§ Exercise materials:
☆ ☆ ☆ ☆ ☆ ☆ ☆
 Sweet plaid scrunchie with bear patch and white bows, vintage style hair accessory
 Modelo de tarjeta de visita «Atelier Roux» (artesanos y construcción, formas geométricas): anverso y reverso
☆ ☆ ☆ ☆ ☆ ☆ ☆
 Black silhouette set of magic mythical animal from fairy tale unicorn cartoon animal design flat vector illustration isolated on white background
☆ ☆ ☆ ☆ ☆ ☆ ☆
§ What is expected: In the entries above, locate every line with the word "white" and copy it.

§ Answer area:
 Sweet plaid scrunchie with bear patch and white bows, vintage style hair accessory
 Black silhouette set of magic mythical animal from fairy tale unicorn cartoon animal design flat vector illustration isolated on white background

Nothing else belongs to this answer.